*** Opening SOURCE DATA ***

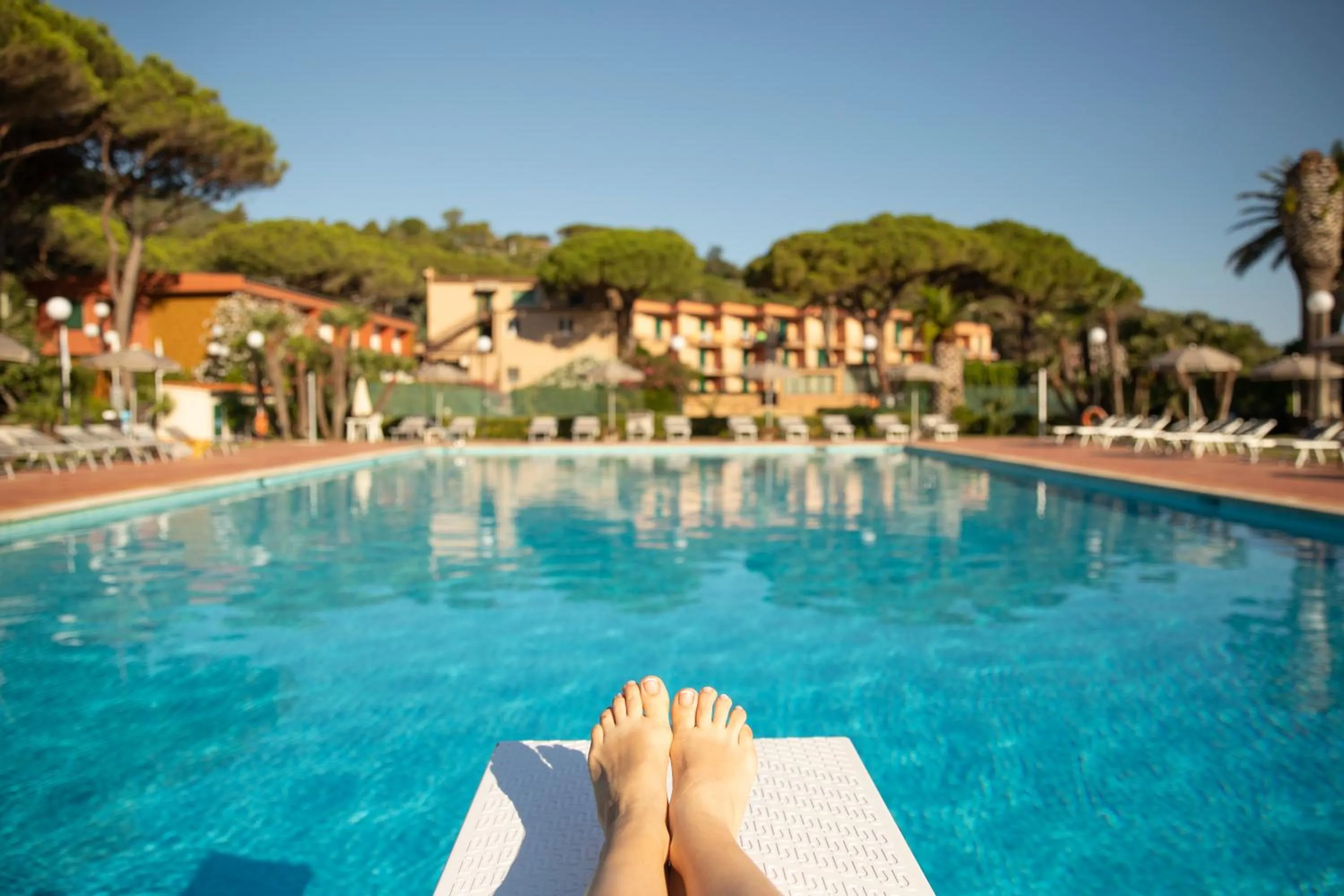 Swimming pool in Hotel Desiree
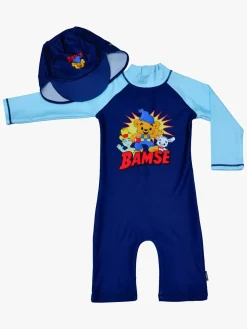 Swimpy Bamse Verdens Stærkeste Bjørn UV-Sæt 2 Dele, Blå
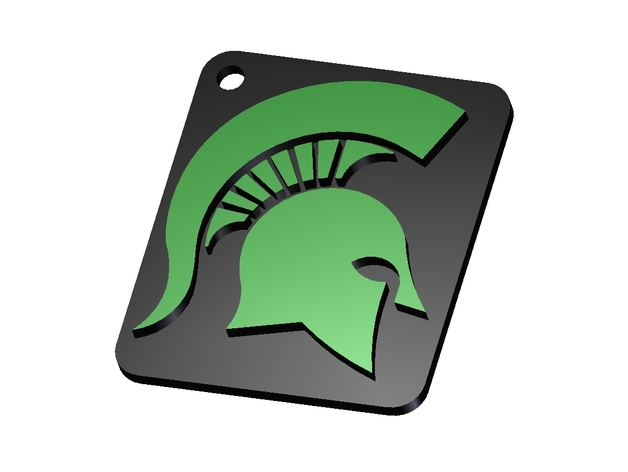 Michigan State Sparty Key Fob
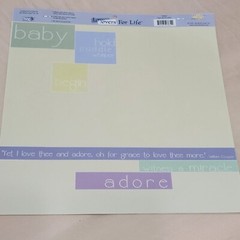 NEW Lot 10 MME Layovers Transparency 12×12 Clear Color Kids Family Love Holiday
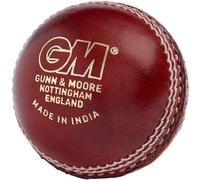 Gunn & Moore GM Leather Cricket Match Ball, Catalyst Grade 2, Red, Suitable for Children, Boys and Girls Aged 12 and Under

*** Closing SOURCE DATA ***

### [PROMPT]
Repeat all entries exactly. Skip the pictures.

### [SOLUTION FOR THIS EXERCISE]
 Swimming pool in Hotel Desiree
 Swimpy Bamse Verdens Stærkeste Bjørn UV-Sæt 2 Dele, Blå
 Michigan State Sparty Key Fob
 NEW Lot 10 MME Layovers Transparency 12×12 Clear Color Kids Family Love Holiday
 Gunn & Moore GM Leather Cricket Match Ball, Catalyst Grade 2, Red, Suitable for Children, Boys and Girls Aged 12 and Under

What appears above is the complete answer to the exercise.